Built for pleasure and relaxation, Bath has been a wellness destination since Roman times, but there aren't only the Roman builds to see in Bath! Bath’s friendly city centre is overflowing with places to eat and drink, plus some of the finest independent shops in Britain that making it the ideal city break. Immerse yourself in some Bath’s museum and gallery or enjoy festivals, theatres, music, and sports... I'm sure you will fall in love with this city!

So, what are you waiting for? There are hundreds of things to see and do in Bath! Take
inspiration from these top tips, catch the train and go to visit Bath!

1. Visit the Roman Baths
Immerse yourself in history and see how Bath’s former residents relaxed all those
centuries ago. There are also interactive exhibits and CGI reconstructions, that bring this unique ancient site back to life.

2. Relax at Thermae Bath Spa
The waters are still today a big draw, both to see the ancient Roman Baths and to bathe in the modern Thermae Bath Spa, which houses the only natural thermal hot springs in Britain. You can’t take a dip at the Roman Baths these days, but you can still enjoy the same natural hot spring water at Thermae Bath Spa. This one-of-a-kind complex has lovely treatments, relaxation spaces and a spectacular rooftop pool offering 360-degree views of the city. So, take your swimsuit and go to try who the ancient Romans felt when they dived themselves in the water!

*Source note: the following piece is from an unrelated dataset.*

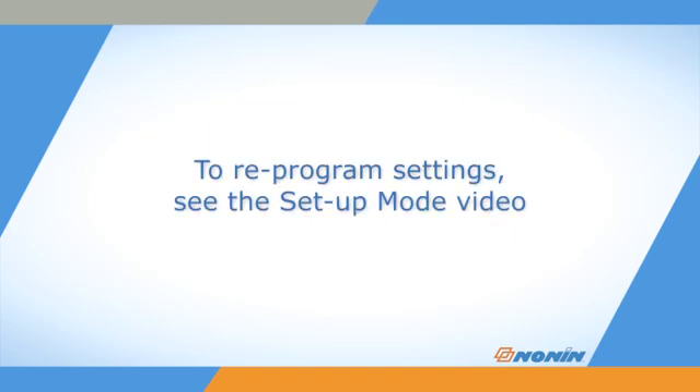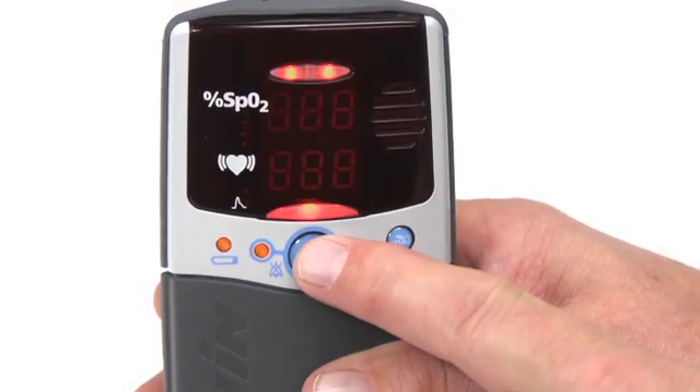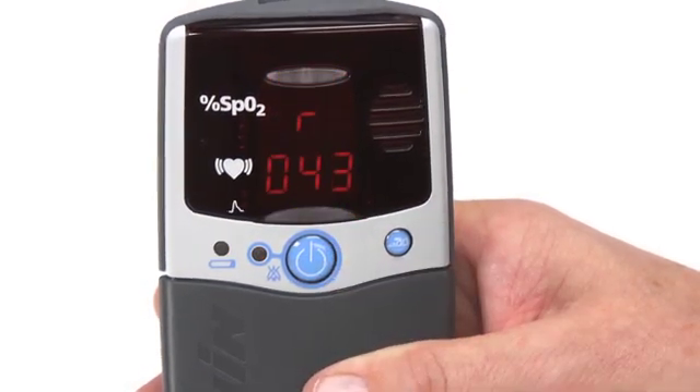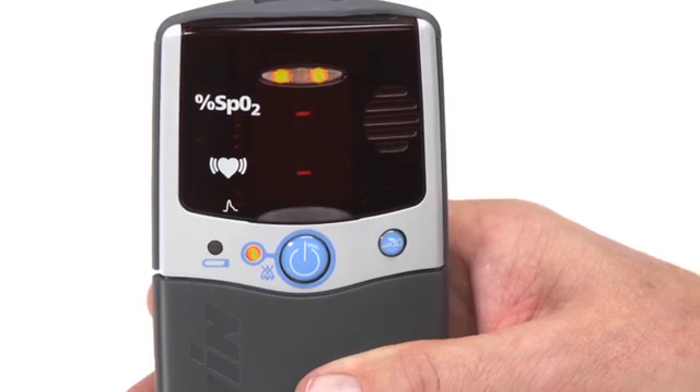If you lose the settings and stored data on the oximeter, you can reprogram the settings using the setup mode described in the 2500/2500A setup video. If the oximeter has been in regular use with regular battery changes or recharges, the settings should be retained in the oximeter for its next use.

3. Visit the Royal Crescent
The Royal Crescent is one of Bath’s most iconic landmarks and still stands out, in a city packed with world-class architecture. A big arc of Georgian townhouses fronted by expansive green lawns, it was designed by John Wood the Younger to give well-off residents the feel of country living in the heart of the city. The Royal Crescent is arranged around a perfect lawn overlooking Royal Victoria Park and forms a sweeping crescent of terrace houses. It is, without doubt, one of the greatest examples of Georgian architecture anywhere in the UK. Moreover, now, it is home to the five-star hotel The Royal Crescent Hotel & Spa, a museum of Georgian life and private housing. It is also a popular location for films and period dramas. So, don't wait, go to see this fantastic place!


4. Look into the Circus
Another Georgian marvel, this one the work of John Wood the Elder, is the Circus. It is a 360-degree master-class in design, inspired by ancient pagan sites like Stonehenge and classical Roman architecture. It has long been one of Bath’s most sought-after addresses and former residents include artist Thomas Gainsborough and Prime Minister William Pitt the Elder.

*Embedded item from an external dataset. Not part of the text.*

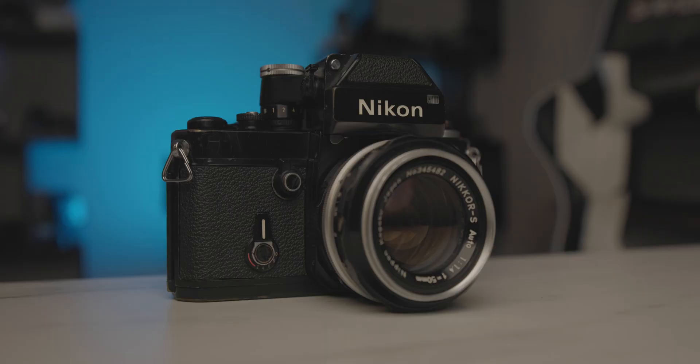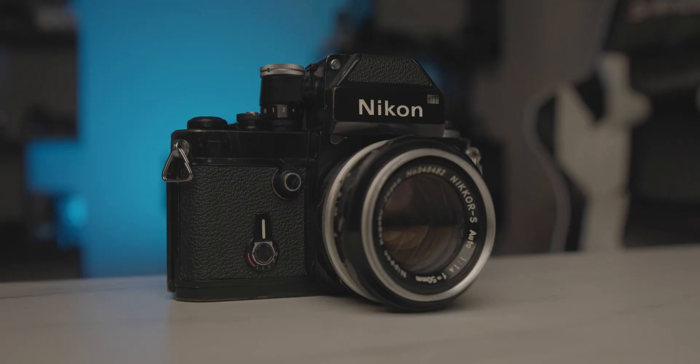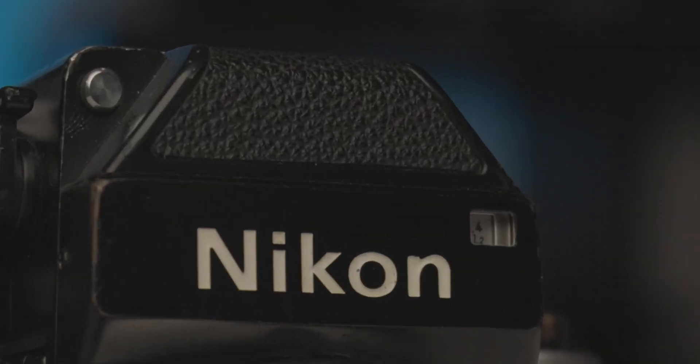After doing these lens cap tests I wanted to do something a little more real world, so I set up a little scene — just my Nikon F2 on a table — and filmed it at different ISO values with the same lighting. I changed the ISO and the aperture accordingly while keeping all other settings the same. I then cropped into 400% on the video so we can better see the actual noise structure in the shadows at each ISO value.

5. Discover Pulteney Bridge
Do you like Italy? If so, you absolutely have to go to Pulteney Bridge, a bridge that brings a touch of Italy to Bath. Inspired by Ponte Vecchio in Florence and lined by shops on both sides, it is one of only four such structures in the world. Viewed from across the river, the bridge’s elegant arches are wonderful and it looks particularly magical lit up at night. So, wait for the night and then dive yourself in this romantic and dreamy atmosphere!

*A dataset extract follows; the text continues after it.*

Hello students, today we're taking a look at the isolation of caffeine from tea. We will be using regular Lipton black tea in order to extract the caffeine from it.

6. Walk through Great Pulteney Street
Great Pulteney Street is a grand thoroughfare that connects Bathwick with the City of Bath via the Pulteney Bridge. This road is the longest and widest Georgian street in Bath and the architectural detail of the buildings lining each side of the street are really amazing. At the far end of Great Pulteney Street lies The Holburne Museum, once time a hotel but now home to a dazzling collection of art and artifacts from across the globe.

7. Discover all the beauties of Bath Abbey
This nice abbey has been a place of worship on this spot for more than 1,000 years. King Edgar, the first king of all England, was crowned here in AD 973, but many of the present-day Abbey’s most spectacular features are more recent. In particular, the Abbey’s spectacular Victorian Gothic interior is the work of Sir George Gilbert Scott, who made numerous improvements like the addition of the soaring vaulted ceiling above the nave.

8. Walk around Alexandra Park
Do you like nature and quiet places? Well, then this park is perfect for you! Perched on the summit of a wooded hill overlooking the city, Alexandra Park is one of the best places to go for views of Bath and its surrounding countryside. It’s accessible by car, bus or also by climbing the zig-zag path. I'm sure that this Park rewards your efforts with spectacular vistas once you reach the top.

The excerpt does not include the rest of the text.